What to work on:
The entries below contain pictures, which are to be left out; write out exactly, and only, the lines from the line with "Delira Staande Lamp Golvend Ontwerp" up to and including the line with "Divano destro Outline".

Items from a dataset
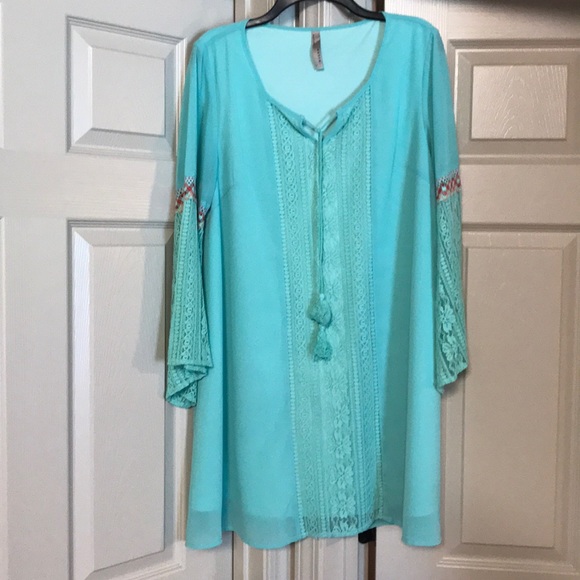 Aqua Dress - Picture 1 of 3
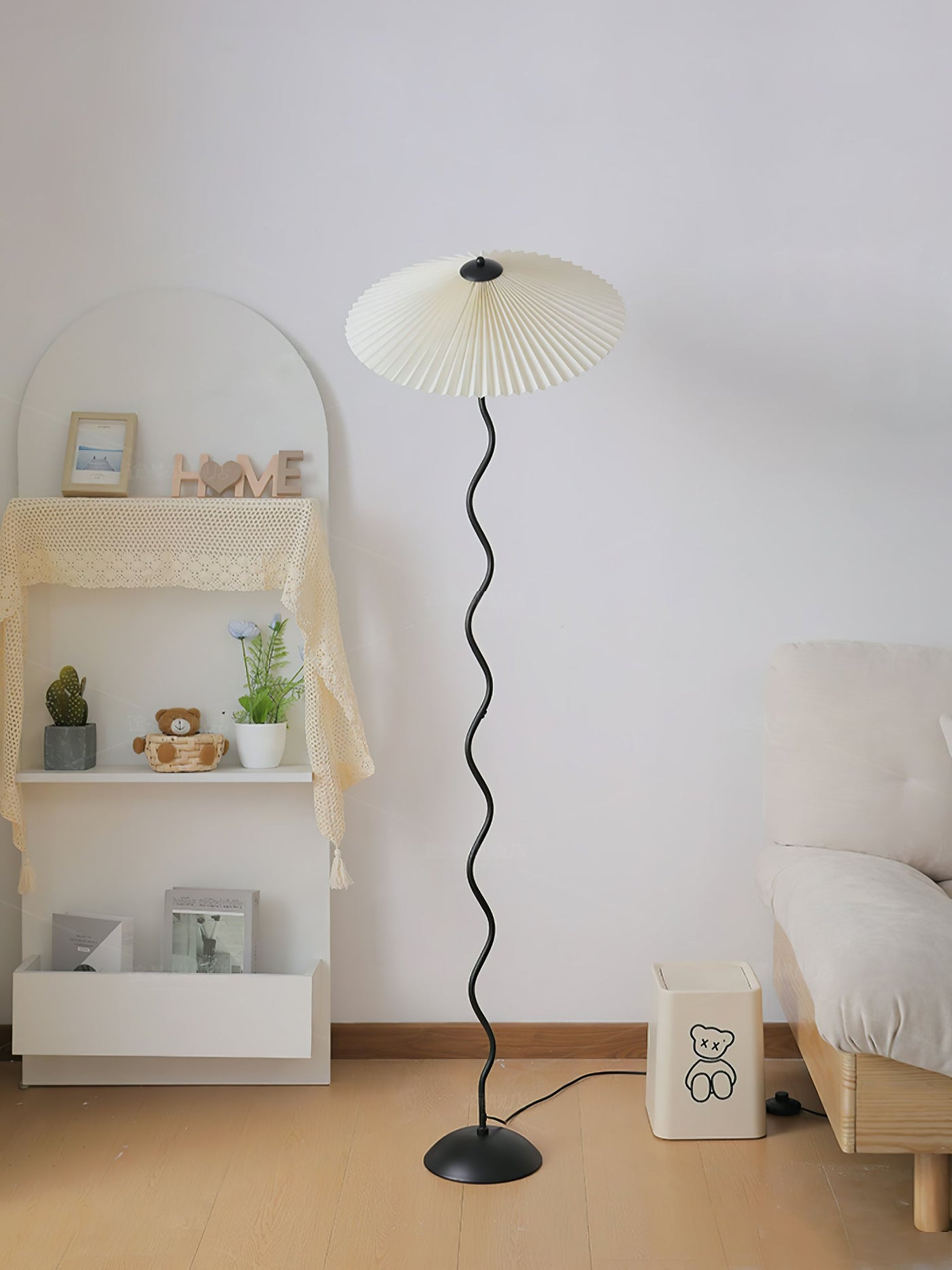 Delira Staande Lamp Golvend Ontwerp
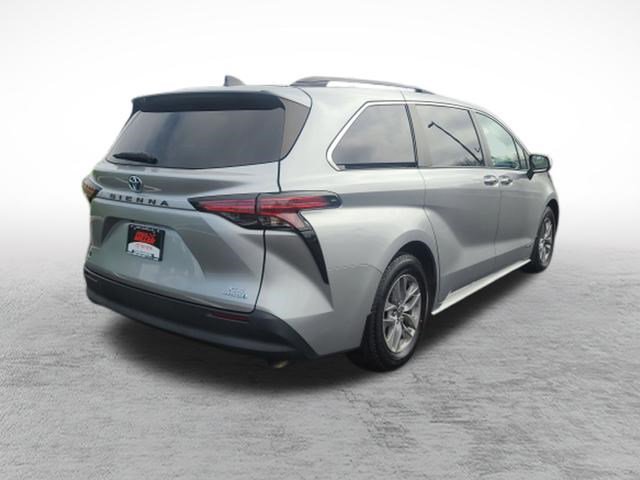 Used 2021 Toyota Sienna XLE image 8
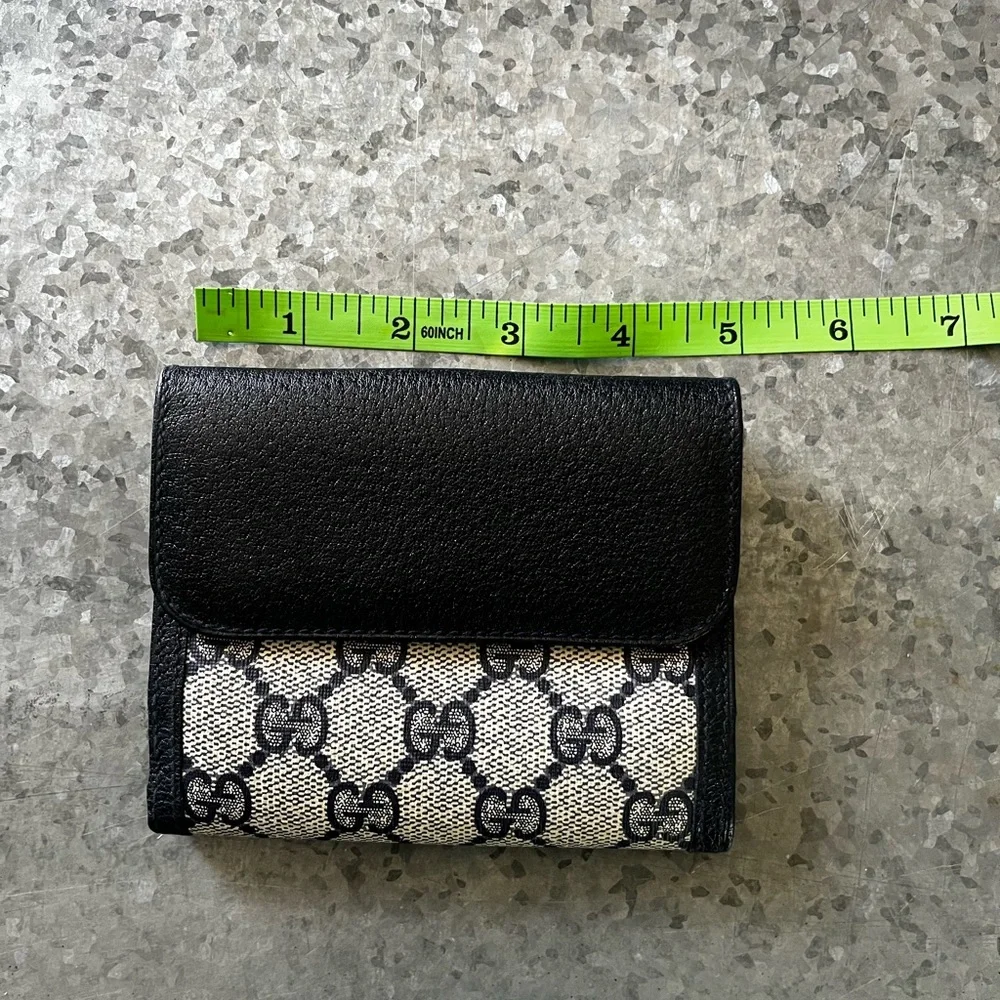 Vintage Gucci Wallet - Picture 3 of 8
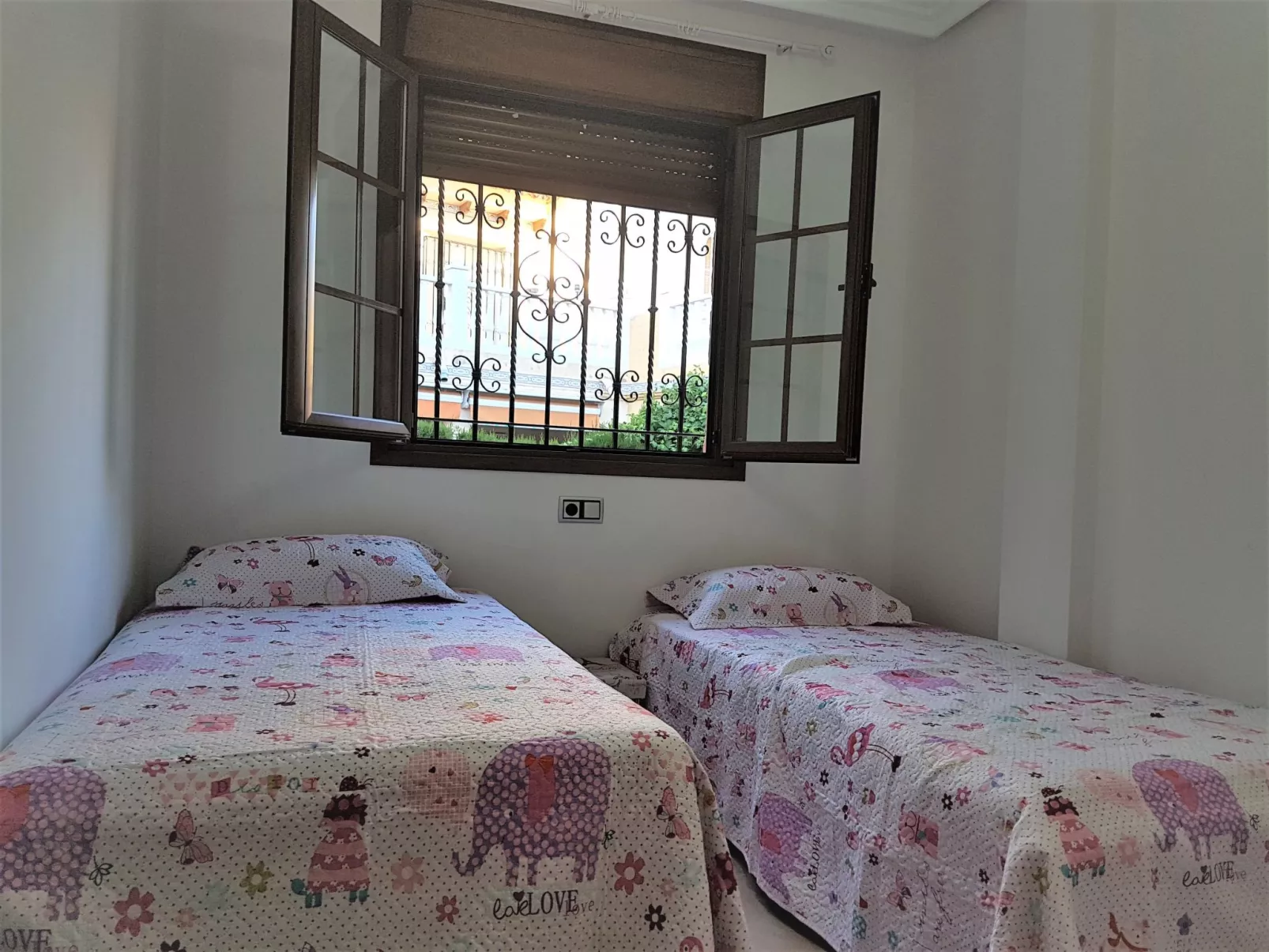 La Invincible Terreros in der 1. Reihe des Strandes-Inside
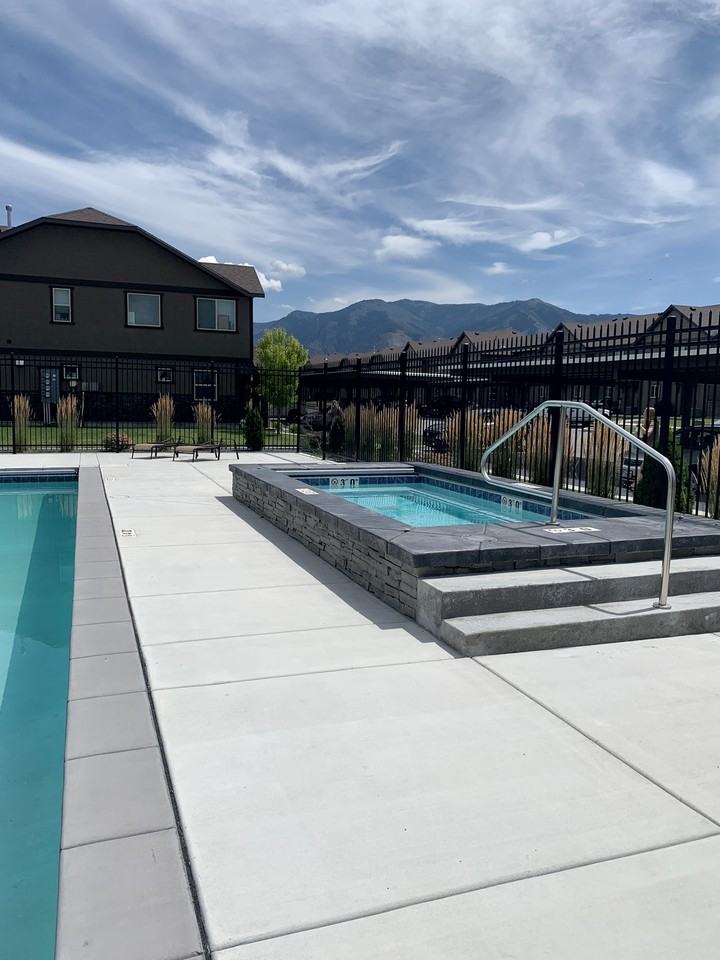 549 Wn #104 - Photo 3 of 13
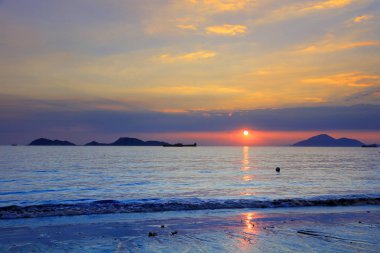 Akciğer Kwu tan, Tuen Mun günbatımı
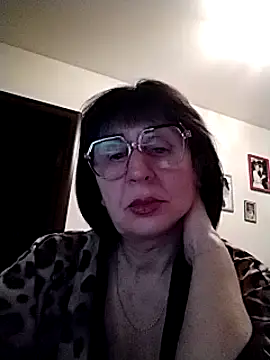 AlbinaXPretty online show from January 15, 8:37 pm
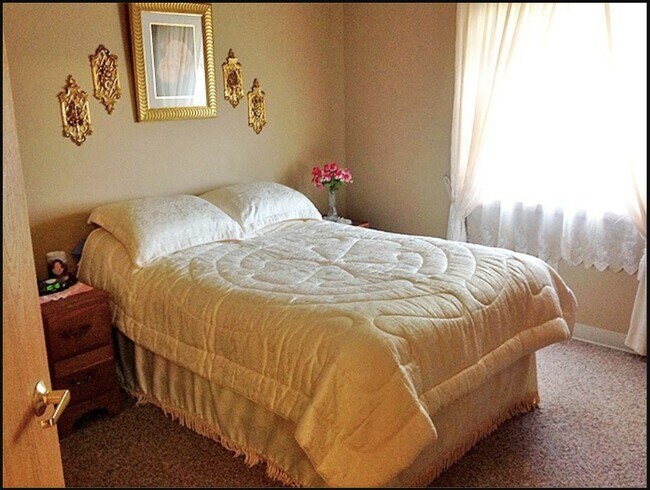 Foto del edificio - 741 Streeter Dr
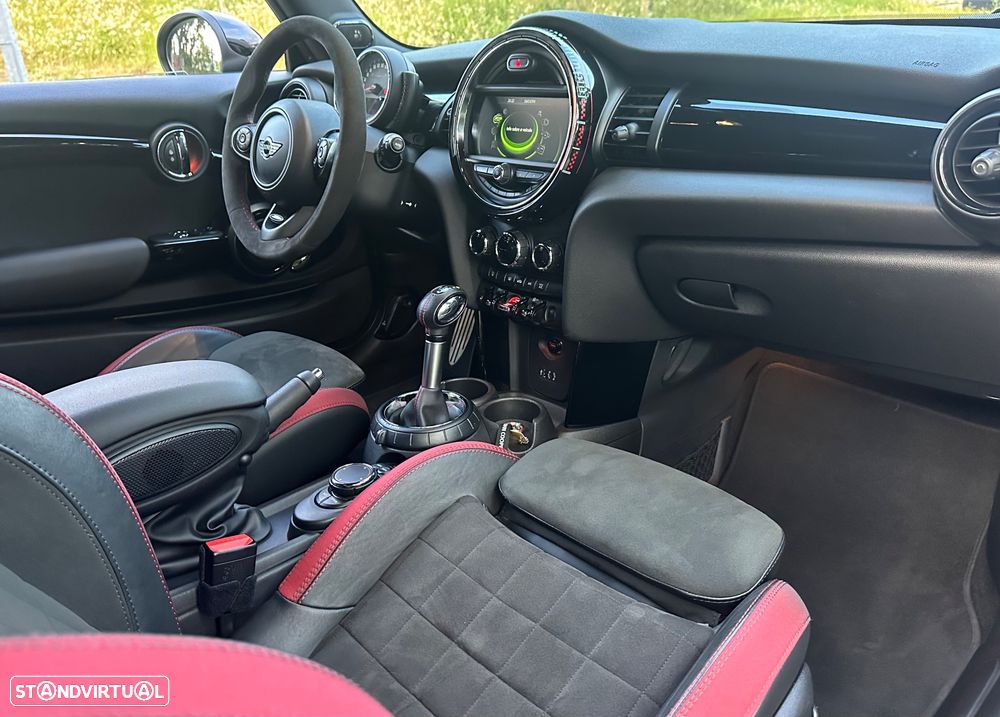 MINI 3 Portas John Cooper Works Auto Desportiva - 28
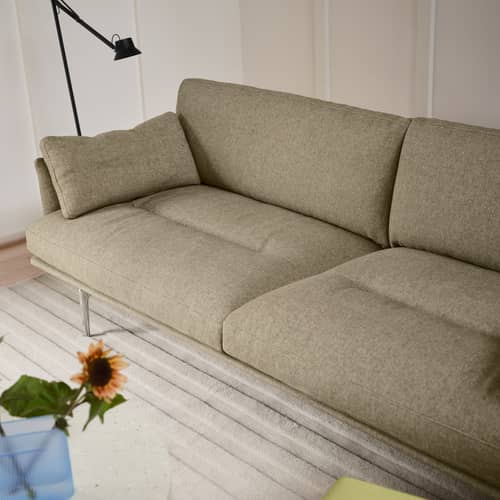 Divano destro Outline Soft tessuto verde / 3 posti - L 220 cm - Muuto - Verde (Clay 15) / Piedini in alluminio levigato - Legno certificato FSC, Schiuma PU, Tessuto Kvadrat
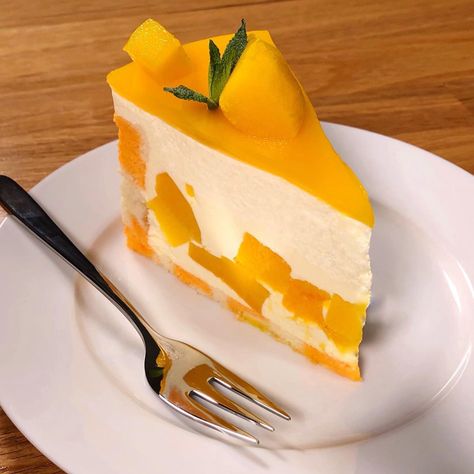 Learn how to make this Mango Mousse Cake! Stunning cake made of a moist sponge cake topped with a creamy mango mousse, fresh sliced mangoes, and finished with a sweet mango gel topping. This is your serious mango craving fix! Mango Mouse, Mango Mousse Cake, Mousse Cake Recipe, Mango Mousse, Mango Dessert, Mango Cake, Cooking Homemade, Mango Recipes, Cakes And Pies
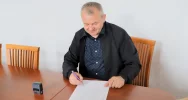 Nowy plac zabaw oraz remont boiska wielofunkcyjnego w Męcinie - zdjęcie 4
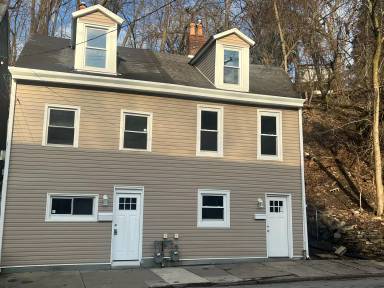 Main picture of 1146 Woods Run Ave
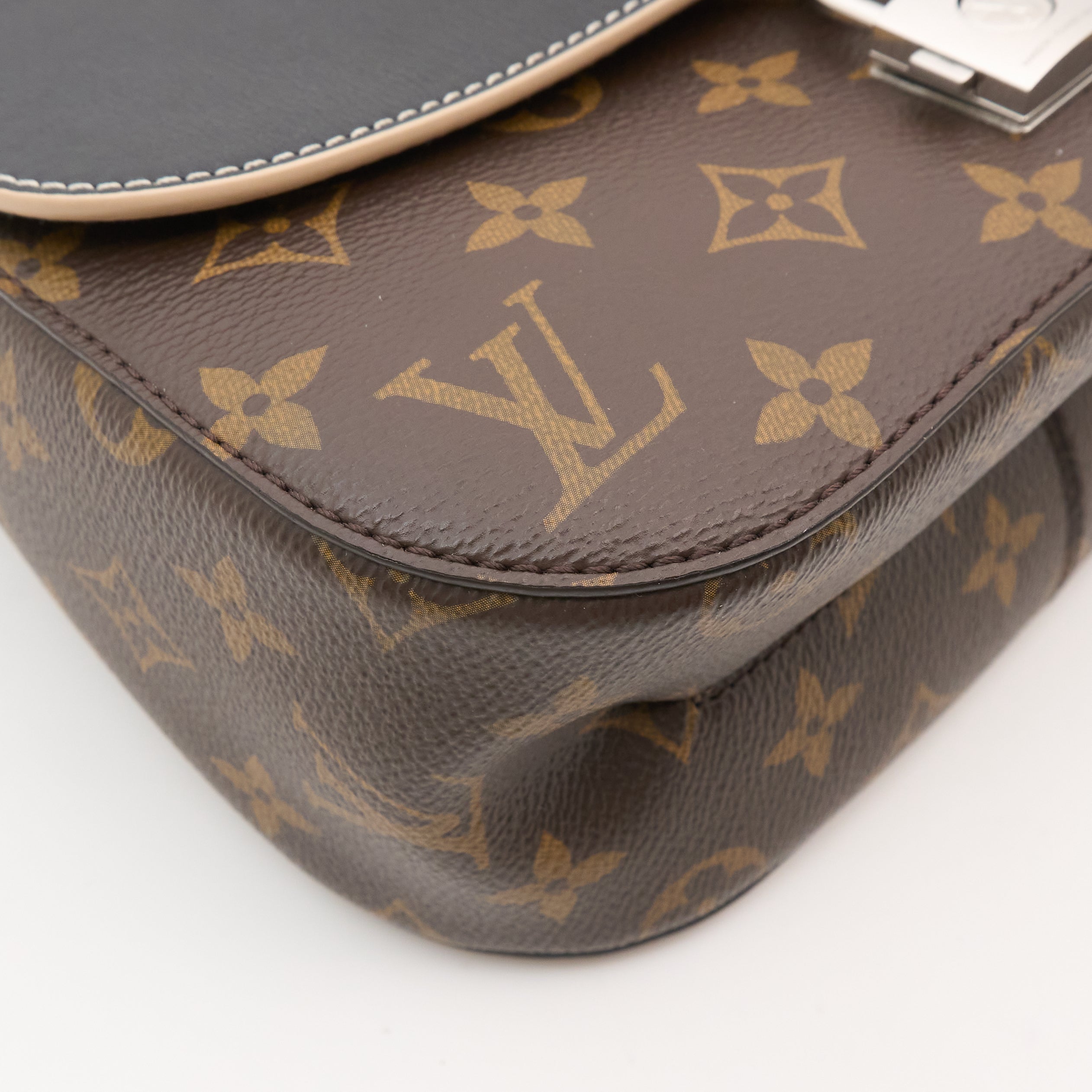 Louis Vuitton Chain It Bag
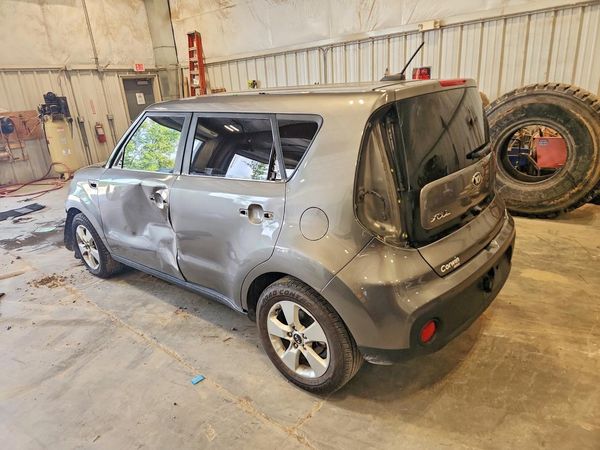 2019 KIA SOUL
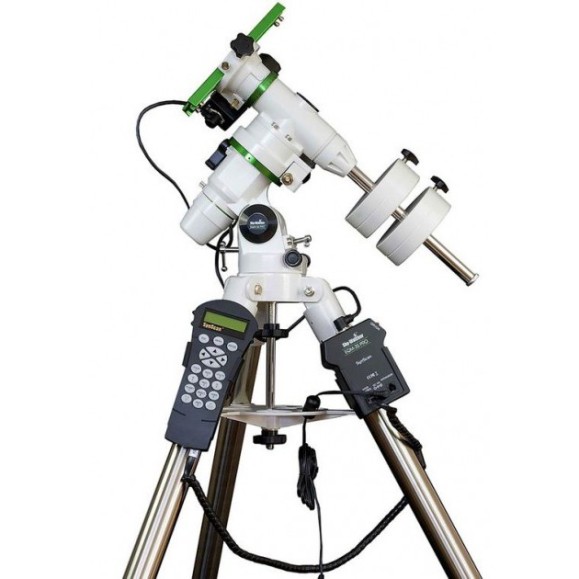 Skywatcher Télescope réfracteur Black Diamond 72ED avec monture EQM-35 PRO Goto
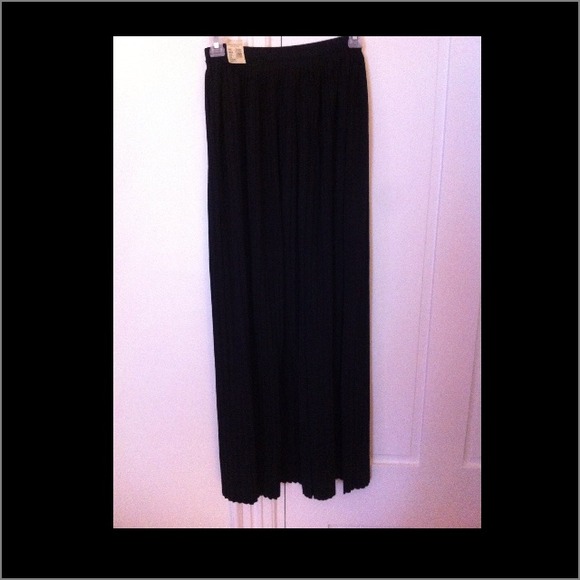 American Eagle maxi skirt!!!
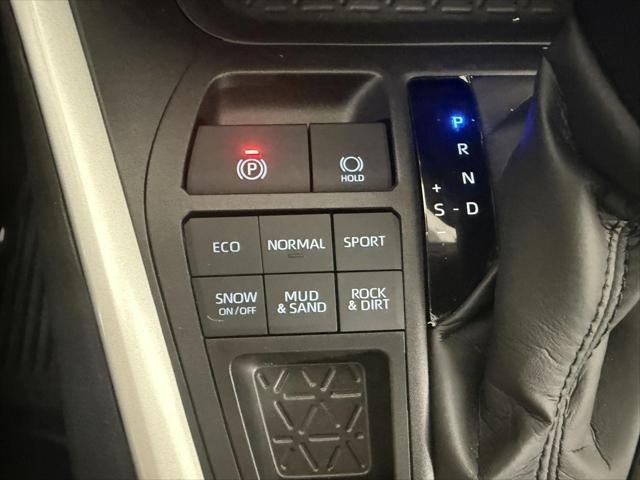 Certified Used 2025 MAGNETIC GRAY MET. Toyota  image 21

Solved exercise:
 Delira Staande Lamp Golvend Ontwerp
 Used 2021 Toyota Sienna XLE image 8
 Vintage Gucci Wallet - Picture 3 of 8
 La Invincible Terreros in der 1. Reihe des Strandes-Inside
 549 Wn #104 - Photo 3 of 13
 Akciğer Kwu tan, Tuen Mun günbatımı
 AlbinaXPretty online show from January 15, 8:37 pm
 Foto del edificio - 741 Streeter Dr
 MINI 3 Portas John Cooper Works Auto Desportiva - 28
 Divano destro Outline Soft tessuto verde / 3 posti - L 220 cm - Muuto - Verde (Clay 15) / Piedini in alluminio levigato - Legno certificato FSC, Schiuma PU, Tessuto Kvadrat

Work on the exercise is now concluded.